2

I am actually trying to make the result of a wysihtml5 editor secure.
Basically, users cannot enter script/forms/etc tags.

I cannot remove all tags as some of them are used to display the content as wished.
(eg : <h1> to display a title)

The problem is that users are still able to add DOM event listeners binded to some unwanted code.
(eg : <h1 onclick="alert('Houston, got a problem');"></h1>)

I would like to remove all event listeners inside a div (for all descendants inside that div).
The solution I actually tried to use is to check the code as a string to find and replace unwanted content, which worked for the unwanted tags.

What I actually need is a regex matching all event listeners inside all tags.
Something like "select all [on*] between < and >".
Examples :
<h1 onclick=""></h1> => Should match
<h1 onnewevent=""></h1> => Should match
<h1>onclick=""</h1> => Should NOT match

Thanks in advance for your help ;)

qdrien
  • 133
  • 1
  • 11
  • `

    yo dawg, uversion 4.0

    ` - You'd need to write something to parse the HTML as a string if you don't want to create the DOM elements.
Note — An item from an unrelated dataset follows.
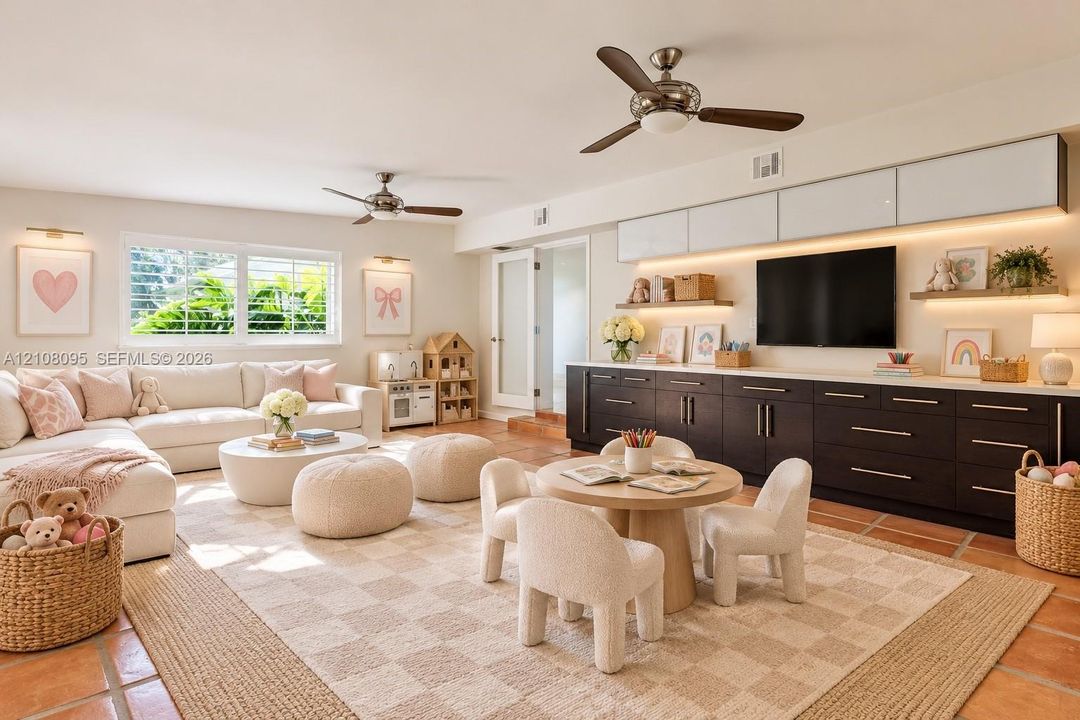Living area featuring custom dark cabinetry with integrated lighting, wall-mounted upper storage, multi-toned tile flooring, and dual ceiling fans
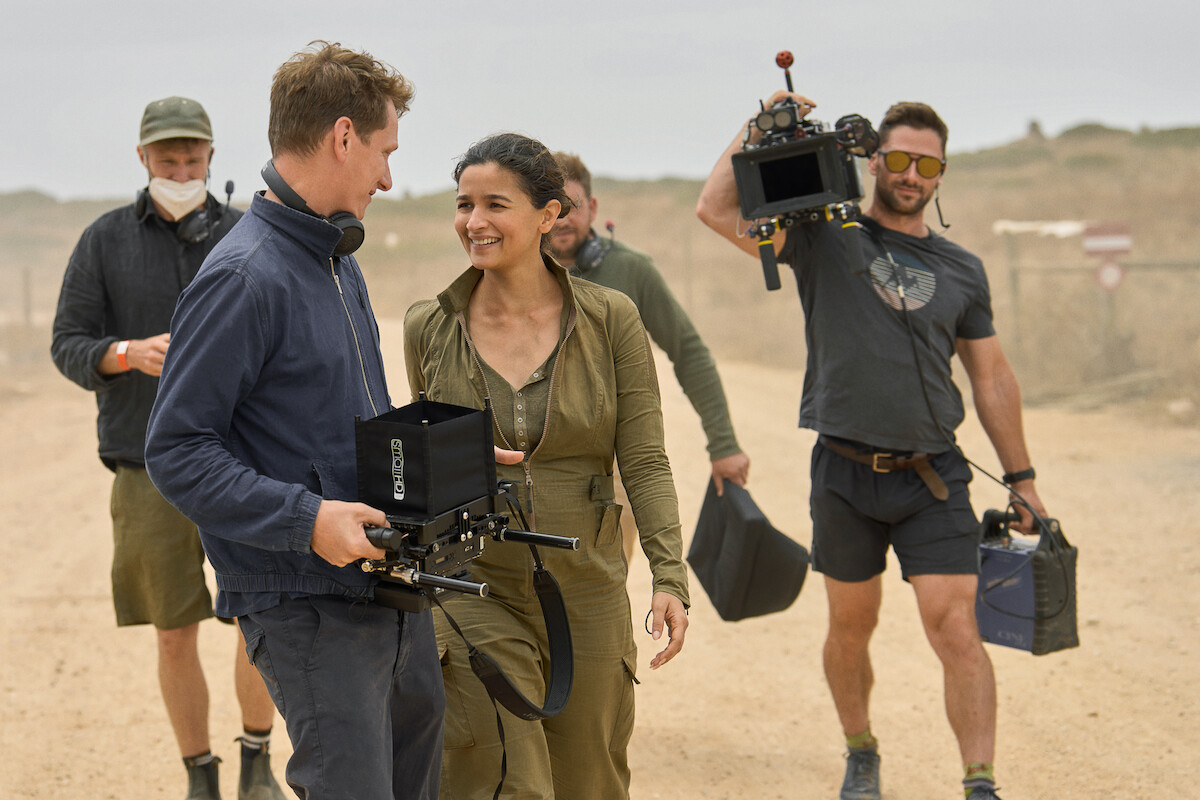 Tom Harper and Alia Bhatt in a behind-the-scenes still from ‘Heart of Stone.’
RegEx alone is not the right tool for this.
    – tenub Mar 18 '14 at 16:41
  • Recommended reading: http://stackoverflow.com/questions/1732348/regex-match-open-tags-except-xhtml-self-contained-tags – akirilov Mar 18 '14 at 19:53
  • Thanks for the link, finally used a parser – qdrien Mar 19 '14 at 10:23

1 Answers1

2

Shouldn't be parsing html with regex.
If you really want to though, this is a quick and dirty way
(by no means complete).

It just looks for opening 'onevent' tag with its closing tag right after it.
If there will be something else inbetween, just add a .*? between tags.

 #  <([^<>\s]+)\s[^<>]*on[^<>="]+=[^<>]*></\1\s*>
 # /<([^<>\s]+)\s[^<>]*on[^<>="]+=[^<>]*><\/\1\s*>/

 < 
 ( [^<>\s]+ )                    # (1), 'Tag'
 \s 
 [^<>]* on [^<>="]+ = [^<>]*     # On... = event
 >
 </ \1 \s* >                     # Backref to 'Tag'

Perl test case

$/ = undef;

$str = <DATA>;

while ( $str =~ /<([^<>\s]+)\s[^<>]*on[^<>="]+=[^<>]*><\/\1\s*>/g )
{
    print "'$&'\n";
}


__DATA__
(eg : <h1 onclick="alert('Houston, got a problem');"></h1>) 

I would like to remove all event listeners inside a div
(for all descendants inside that div).
The solution I actually tried to use is to check the code as
a string to find and replace unwanted content,
which worked for the unwanted tags. 

What I actually need is a regex matching all event
listeners inside all tags.
Something like "select all [on*] between < and >".
Examples :
<h1 onclick=""></h1> => Should match
<h1 onnewevent=""></h1> => Should match
<h1>onclick=""</h1> => Should NOT match 

Output >>

'<h1 onclick="alert('Houston, got a problem');"></h1>'
'<h1 onclick=""></h1>'
'<h1 onnewevent=""></h1>'